Retinal vessels offer a unique opportunity to investigate noninvasively the relationship between arteriolar characteristics and cardiovascular disease. The association between retinal vessel abnormalities and high blood pressure (BP) has been described since the pioneering work of Keith, Wegener, and Baker¹ and has been demonstrated in larger contemporaneous cohorts^2,3 Moreover, arteriolar narrowing predicts the incidence of diabetes,⁴ coronary artery disease,⁵ and stroke.⁶ In two recent reports, narrowed retinal arterioles were shown to be independently associated with long-term risk of hypertension,^7,8 strengthening the idea that arteriolar constriction and narrowing may play a critical role in the earliest stages of the disease.

Because recognition of retinal abnormalities by direct ophthalmoscopy is subject to a large interobserver variation,^9–12 several investigators have developed quantitative methods to detect retinal microvascular changes documented by retinal photographs.^13–18 Reliable methods are available,^18,,20 but most of them seem to require a well-trained observer to recognize the border of the vessels.

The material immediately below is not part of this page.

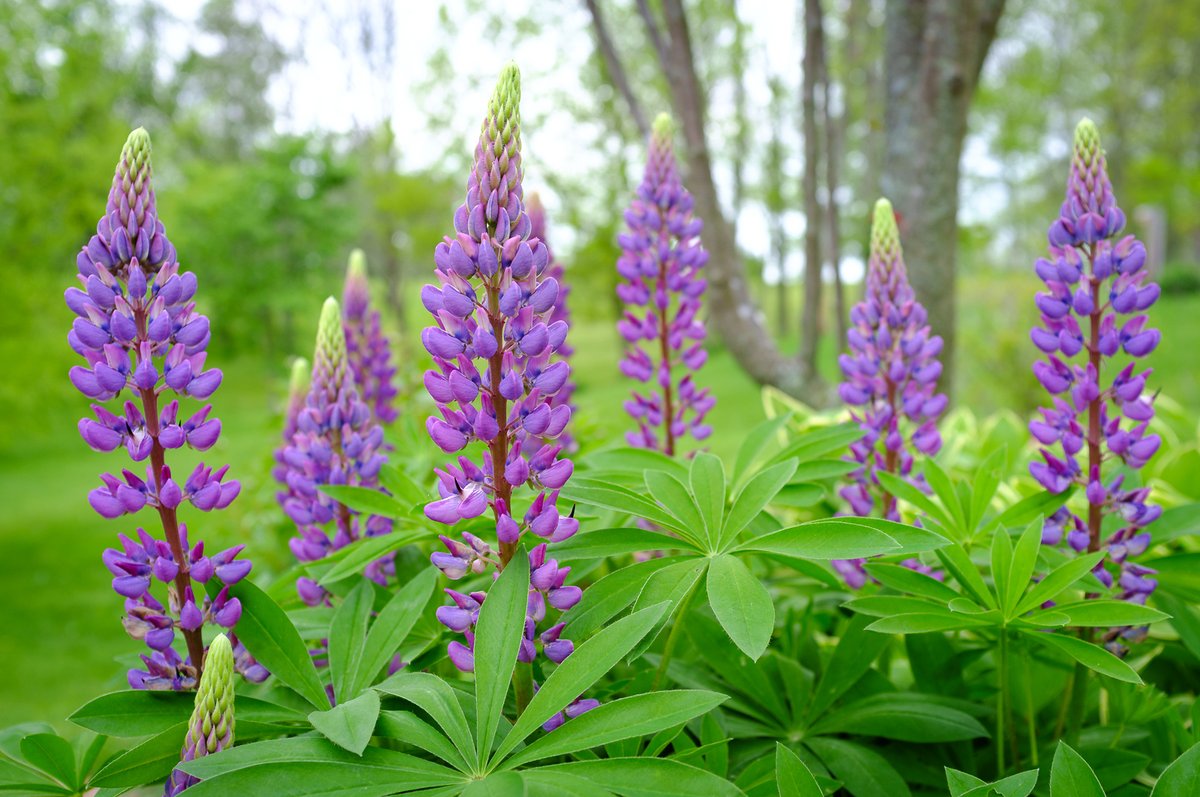 User201601's tweet photo. Back when I had nice Lupine...and the original Fuij X100 (the one without the X-Trans filter I don't like on the image sensor).  2016 https://t.co/Zp74GWItjL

In this report, we describe a new semi-automated method to evaluate the diameter of retinal vessels that does not depend on the identification of the vascular border, and we present an example of its use in the evaluation of patients with hypertension.

Methods

Our data derive from a cross-sectional analysis in a cohort study of patients attending to the outpatient hypertension clinic of the Hospital de Clínicas de Porto Alegre, Brazil. Details of the systematic evaluation of these patients and results of this investigation have been reported elsewhere.^21–23 For this investigation, all patients consecutively examined between 1993 and 1999 underwent retinal photography along with the complete evaluation of our protocol. The mean of six BP measurements, taken during three different visits, was used to diagnose hypertension. Patients were considered to having hypertension if their systolic BP (SBP) was ≥140 mm Hg or their diastolic BP (DBP) was ≥90 mm Hg, or if they were taking BP-lowering medications. Patients presenting with secondary hypertension, diabetes mellitus, or other systemic or ocular disease involving the retina were excluded.

In the total, 58 patients that met the eligibility criteria and had retinography suitable for analysis were evaluated. The photographs were analyzed by wall projection-micrometric method, in a previous study of the association between optic fundi abnormalities and stages of hypertension.²⁴ For the development of this new method, retinal photographs were digitized to determine the vessel diameter by the microdensitometric method.

Retinal photography

After pharmacologic pupil dilation (20 min after instillation of tropicamine), retinography was obtained using Topcon TVR-50 retinal camera (Topcon, Japan) in a 35-degree angle focusing in the posterior polo and the four quadrants (superior-nasal, inferior-nasal, superior-temporal, and inferior-temporal).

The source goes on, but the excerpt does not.